Quantum oscillations in ${\mathrm{Cu}}_x{\mathrm{Bi}}_2{\mathrm{Se}}_3$ in high magnetic fields

${\mathrm{Cu}}_x{\mathrm{Bi}}_2{\mathrm{Se}}_3$ has drawn much attention as the leading candidate to be the first topological superconductor and the realization of coveted Majorana particles in a condensed matter system. However, there has been increasing controversy about the nature of its superconducting phase. This study sheds light on ambiguity in the normal-state electronic state by providing a complete look at the quantum oscillations in magnetization in ${\mathrm{Cu}}_x{\mathrm{Bi}}_2{\mathrm{Se}}_3$ at high magnetic fields up to 31 T. Our study focuses on the angular dependence of the quantum oscillation pattern in a low carrier concentration. As the magnetic field tilts from the crystalline $c$ axis to the $ab$ plane, the change of the oscillation period follows the prediction of the ellipsoidal Fermi surface. As the doping level changes, the 3D Fermi surface becomes quasicylindrical at high carrier density. Such a transition is potentially a Lifshitz transition of the electronic state in ${\mathrm{Cu}}_x{\mathrm{Bi}}_2{\mathrm{Se}}_3$.

Figure 1

Oscillations in the torque data of sample 4 with the polynomial background subtracted. The inset in the upper right-hand corner is a schematic of the experimental setup.
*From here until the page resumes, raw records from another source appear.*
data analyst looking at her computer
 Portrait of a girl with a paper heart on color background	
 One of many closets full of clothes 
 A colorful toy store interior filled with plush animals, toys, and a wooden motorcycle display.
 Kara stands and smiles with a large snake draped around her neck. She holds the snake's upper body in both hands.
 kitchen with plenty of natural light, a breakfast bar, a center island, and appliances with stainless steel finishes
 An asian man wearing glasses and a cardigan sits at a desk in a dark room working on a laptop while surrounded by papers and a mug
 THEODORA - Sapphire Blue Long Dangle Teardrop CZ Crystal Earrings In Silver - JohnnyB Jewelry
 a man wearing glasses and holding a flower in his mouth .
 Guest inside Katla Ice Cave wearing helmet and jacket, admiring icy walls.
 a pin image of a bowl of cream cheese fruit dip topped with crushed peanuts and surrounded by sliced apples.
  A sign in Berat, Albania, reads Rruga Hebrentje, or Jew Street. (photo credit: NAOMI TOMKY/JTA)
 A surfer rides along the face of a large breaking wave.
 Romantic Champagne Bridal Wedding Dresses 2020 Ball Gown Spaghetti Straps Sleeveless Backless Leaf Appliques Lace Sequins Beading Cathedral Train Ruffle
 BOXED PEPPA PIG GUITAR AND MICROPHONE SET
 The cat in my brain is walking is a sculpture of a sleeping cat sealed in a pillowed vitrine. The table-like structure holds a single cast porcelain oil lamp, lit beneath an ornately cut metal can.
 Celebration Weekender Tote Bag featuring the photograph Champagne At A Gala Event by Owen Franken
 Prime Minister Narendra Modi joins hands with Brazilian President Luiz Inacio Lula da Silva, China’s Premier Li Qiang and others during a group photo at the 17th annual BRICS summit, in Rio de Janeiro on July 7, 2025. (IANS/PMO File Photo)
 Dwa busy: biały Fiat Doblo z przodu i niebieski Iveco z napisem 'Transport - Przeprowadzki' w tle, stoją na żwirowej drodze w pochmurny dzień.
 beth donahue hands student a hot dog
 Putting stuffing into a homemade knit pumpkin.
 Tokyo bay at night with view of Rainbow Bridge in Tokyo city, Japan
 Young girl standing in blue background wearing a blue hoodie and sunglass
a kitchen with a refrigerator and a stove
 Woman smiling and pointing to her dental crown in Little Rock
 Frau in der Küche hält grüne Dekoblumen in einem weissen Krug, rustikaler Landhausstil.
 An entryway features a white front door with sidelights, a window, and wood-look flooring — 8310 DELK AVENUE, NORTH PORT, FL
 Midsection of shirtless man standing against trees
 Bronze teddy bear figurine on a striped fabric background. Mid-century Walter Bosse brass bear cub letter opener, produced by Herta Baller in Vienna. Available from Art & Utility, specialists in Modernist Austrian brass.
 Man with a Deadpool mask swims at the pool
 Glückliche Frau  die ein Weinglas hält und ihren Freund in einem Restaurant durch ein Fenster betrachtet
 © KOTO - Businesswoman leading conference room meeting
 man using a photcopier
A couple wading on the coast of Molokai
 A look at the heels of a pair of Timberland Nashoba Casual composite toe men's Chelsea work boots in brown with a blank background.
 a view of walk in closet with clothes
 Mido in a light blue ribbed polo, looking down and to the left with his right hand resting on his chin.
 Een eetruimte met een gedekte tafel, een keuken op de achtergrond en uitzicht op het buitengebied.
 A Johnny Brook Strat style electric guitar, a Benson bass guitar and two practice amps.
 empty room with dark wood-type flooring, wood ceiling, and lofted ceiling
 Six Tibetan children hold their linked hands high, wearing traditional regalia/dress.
The lower inset is a fast Fourier transformation (FFT) of the oscillatory torque after subtracting the polynomial background. The single peak in the FFT spectrum reveals a single Fermi pocket.

Figure 2

(a) Quantum oscillations in torque of sample 4 at different angles after background subtraction. Oscillations are visible in the raw signal up to $90{}^{\circ }$. At high tilt angle, the oscillation signal is multiplied by a factor of 10 for clarity. (b) The FFT spectra of oscillations in panel (a) show a single Fermi pocket with clear angular dependence. The FFT amplitude is normalized by the height of the peak in the range of 200–600 T. For the high tilt angles, the divergence of FFT amplitude in the dc end arises from an incomplete background subtraction.

Figure 3

Angular dependence of the oscillation frequency of the various samples. Dashed lines are ellipsoidal fits for the Fermi surfaces. The inset expands the $y$ axis of the data plot to a higher frequency range to show the extrapolation of the ellipsoidal fits.

Figure 4

(a) Temperature dependence of the oscillation amplitude of sample 4. (b) Temperature dependence of the normalized amplitude with fit to the thermal damping factor. Extracted from this fit is a high-angle effective mass of $0.32m_e$.

Figure 5

Dingle plot of sample 4a. Fitting is of the Dingle damping factor and it yields a Dingle temperature of 57.1 K.

Figure 6

Hall effect of the Cu-doped ${\mathrm{Bi}}_2{\mathrm{Se}}_3$. Each sample is cleaved from the same batch as the samples used in the torque measurement. (a) The Hall signal ${\rho }_{xy}$ is plotted against field $H$ up to 5 T at $T=1.5$ K. The Hall signal curves have been antisymmetrized to eliminate the magnetoresistance pickup. The slopes of the ${\rho }_{xy}\text{−}H$ curves are used to determine the Hall carrier density shown in Table 4. (b) Measurements of ${\rho }_{xy}$ in $H$ up to 12 T show quantum oscillations in three samples. In this panel, a polynomial background is subtracted to show the oscillation signal in ${\rho }_{xy}$. The oscillation frequency is found to be the same as the measured frequency in the dHvA effect.

Figure 7

Volume susceptibility measurements of 3 different samples. Sample 4, the sample with lowest carrier concentration, shows a superconducting transition at 3 K and a 16% superconducting volume. Samples 3 and 5 do not show any superconducting property most likely due to sample quality degradation over time.